### WORK TO COMPLETE:
Output exactly the lines below from the one containing "FARO 63548 - LED" to the last line, both included. Omit pictures.

### Data entries:
»»

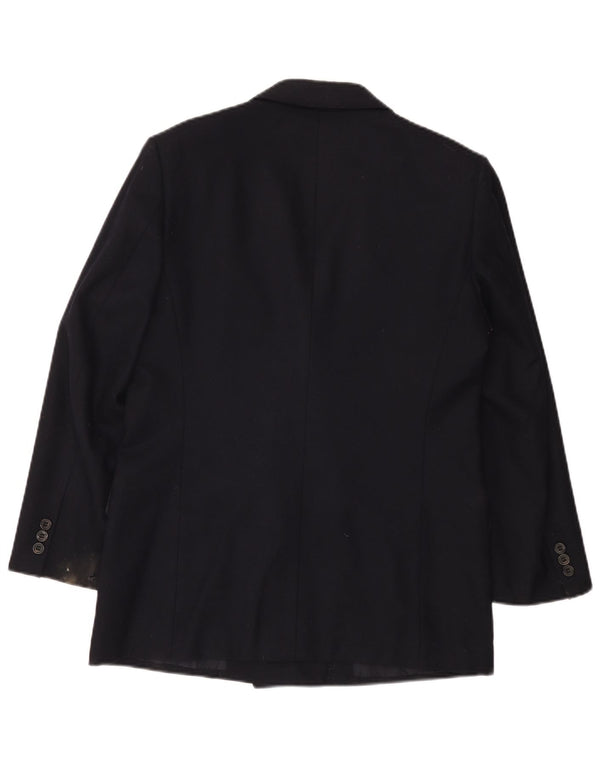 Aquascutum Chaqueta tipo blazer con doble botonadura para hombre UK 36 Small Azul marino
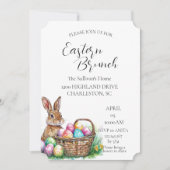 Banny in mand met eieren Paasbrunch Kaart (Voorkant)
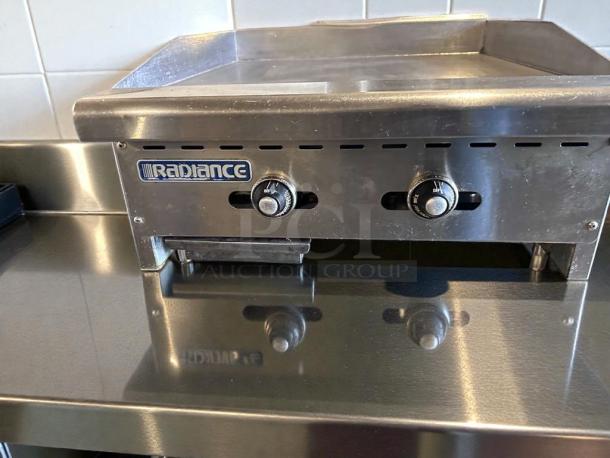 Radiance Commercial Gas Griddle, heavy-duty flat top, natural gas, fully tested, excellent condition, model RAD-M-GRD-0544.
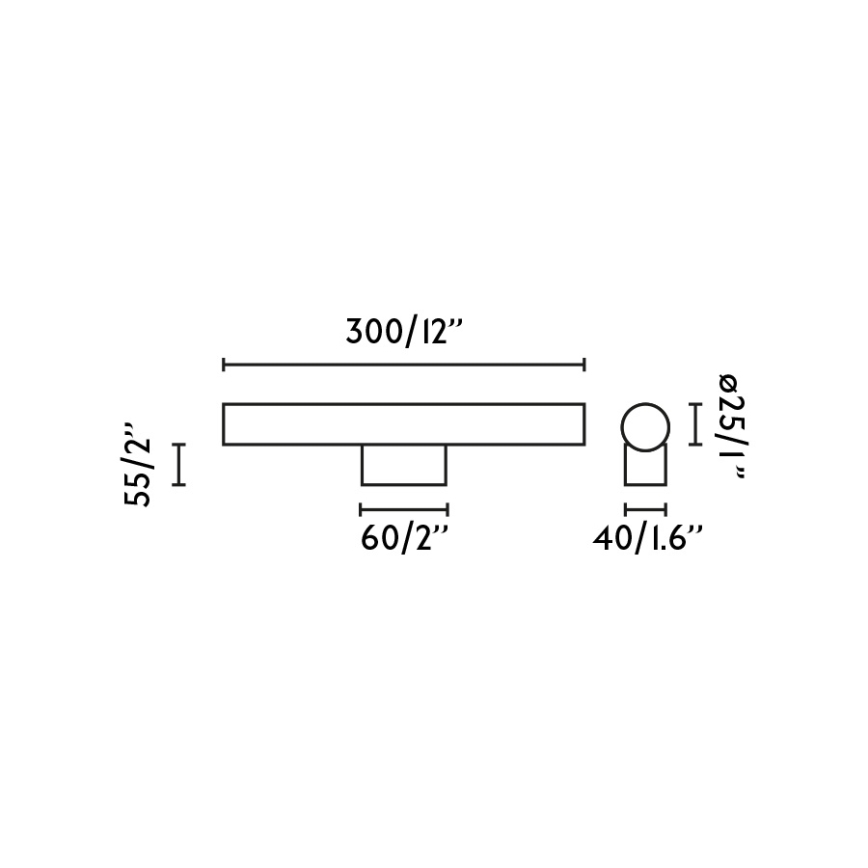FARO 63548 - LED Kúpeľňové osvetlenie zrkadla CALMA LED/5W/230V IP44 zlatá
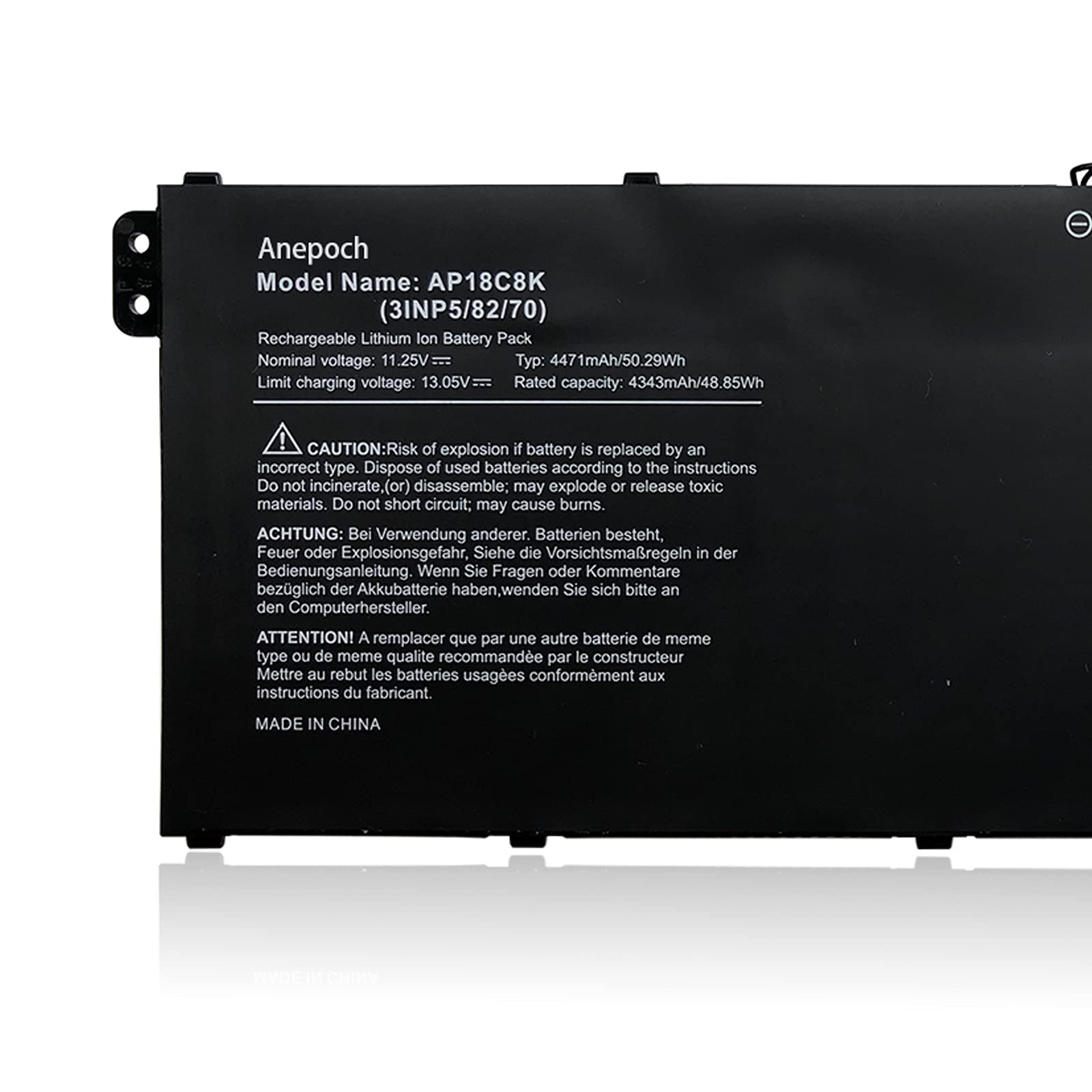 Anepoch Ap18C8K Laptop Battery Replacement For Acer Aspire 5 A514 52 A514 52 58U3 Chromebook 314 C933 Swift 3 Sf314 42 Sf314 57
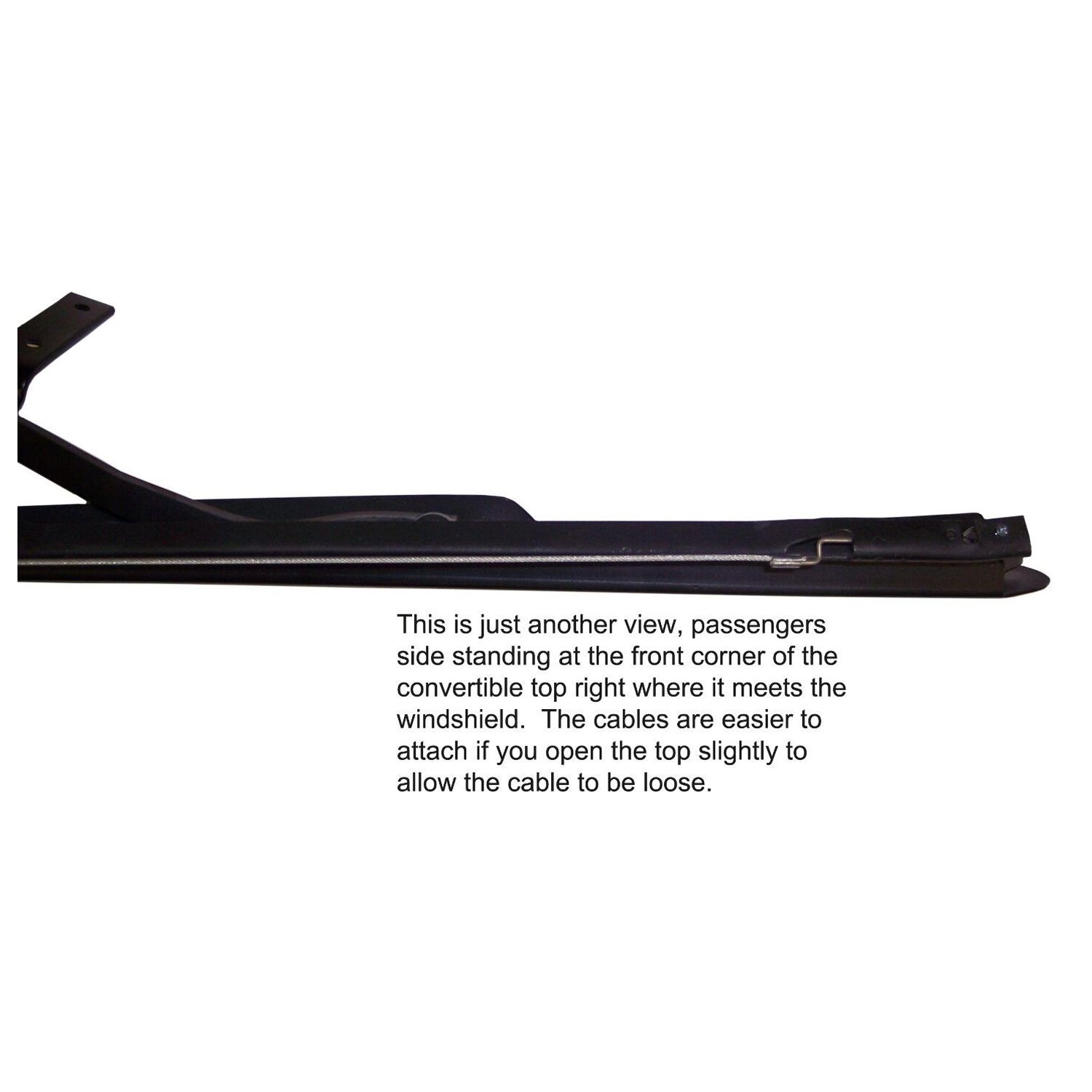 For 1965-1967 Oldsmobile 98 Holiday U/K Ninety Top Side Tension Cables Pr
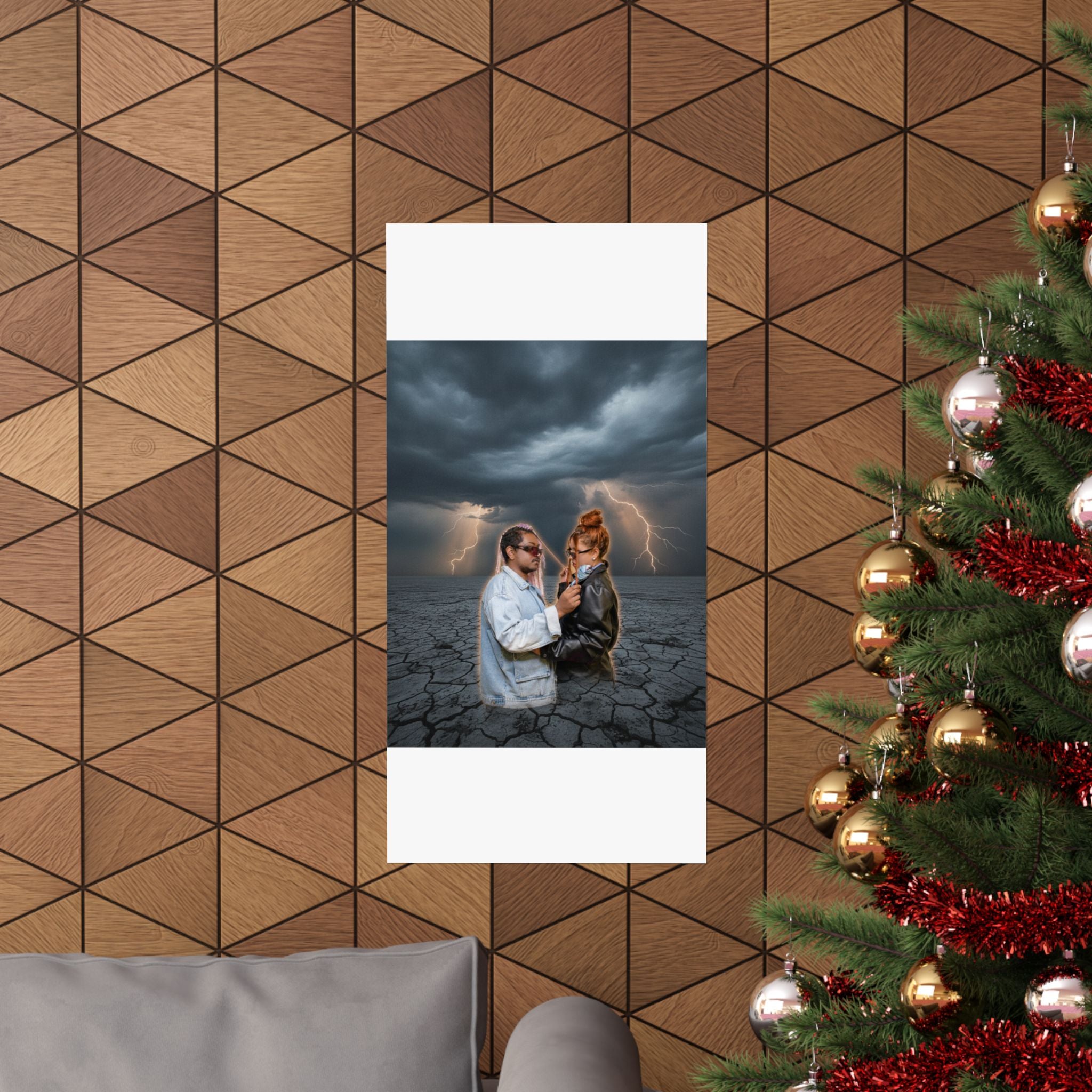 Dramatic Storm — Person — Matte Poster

««

### SOLUTION FOR THIS TASK:
FARO 63548 - LED Kúpeľňové osvetlenie zrkadla CALMA LED/5W/230V IP44 zlatá
 Anepoch Ap18C8K Laptop Battery Replacement For Acer Aspire 5 A514 52 A514 52 58U3 Chromebook 314 C933 Swift 3 Sf314 42 Sf314 57
 For 1965-1967 Oldsmobile 98 Holiday U/K Ninety Top Side Tension Cables Pr
 Dramatic Storm — Person — Matte Poster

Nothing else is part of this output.